An erstwhile Director-General of the Voice of Nigeria, VON, Osita Okechukwu, says the Peoples Democratic Party, PDP, should be held responsible for Nigeria’s slide towards becoming a one-party state, not the ruling All Progressives Congress, APC.
Okechukwu made this statement on Sunday in Enugu while reacting to insinuations that APC and, by extension, President Bola Tinubu, were responsible for the weak opposition in the country.
The former VON boss described the insinuations that the ruling APC was the architect of the emerging one-party state as misplaced.
According to him, PDP members had been inflicted by the same ‘humongous culture of impunity’ it planted in the country’s political culture in their 16 years of being power.
Okechukwu, a founding member of the APC, said Nigeria will naturally slide into a one-party state, as PDP, the country’s major opposition party with more than 10 governors, has been afflicted by the stomach infrastructure syndrome.
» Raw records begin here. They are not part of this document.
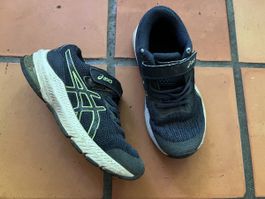 Asics Kinder Turnschuhe Grösse 29/30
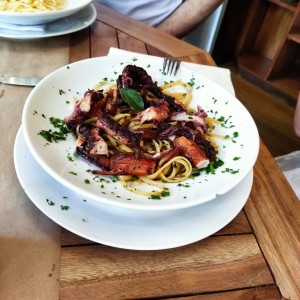Pasta con Pulpo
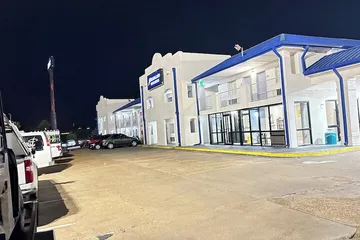 Dreamland Inn and Suites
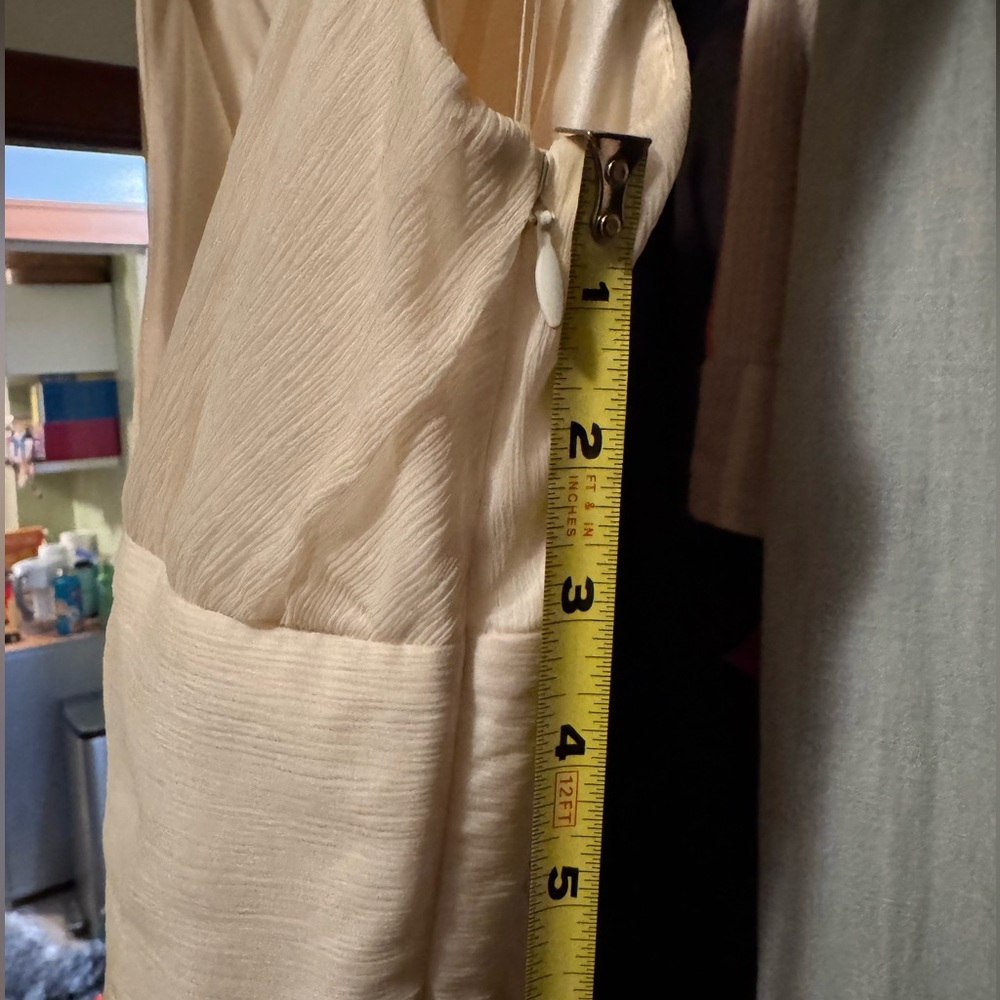 J Crew silk off white wedding dress. Size 6P. - Picture 12 of 12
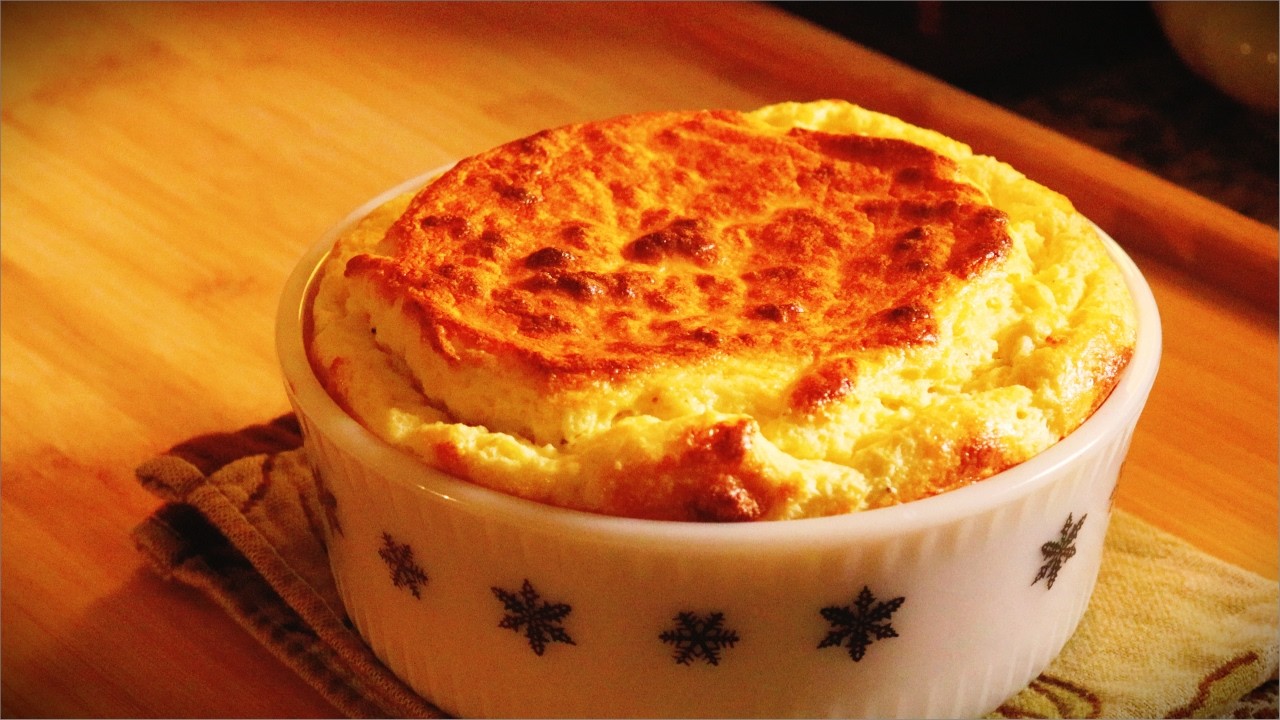[1979] Vintage Cheese Soufflé 🧀 The Classic French Cookbook Recipe!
“One, without being immodest, can recall how Alhaji Buba Galadima, the then National Secretary of CPC, was arrested and hounded on eve of the 2007 general elections and offered all manner of carrots to abandon CPC and, by extension former President Muhammadu Buhari,” he said.
He reminisced that since the APC merger in 2013, PDP members had converted APC to a rehabilitation centre instead of adopting the prerequisite ingredients of opposition – resilience, grit and patience.
He stated that it was the culture of impunity that made PDP to off-handedly jettison the rotation convention of President from the North to the South and even Section 7 of its Constitution, which made rotation mandatory.
“Imagine the breach of rotation convention by the PDP leadership, not minding the unintended consequences, with the erroneous thought that His Excellency, Atiku Abubakar, will unlock the northern electorate from their dormitory to vote PDP in the 2023 presidential election.
“This is a misjudgment, pure and simple, with its collateral damage, one of which is one-party state.
“They (PDP) are at it again with fake arithmetic of South’s 17 years and North’s 11 years rule since 1999, as if Nigeria got independence in 1999,” Okechukwu said.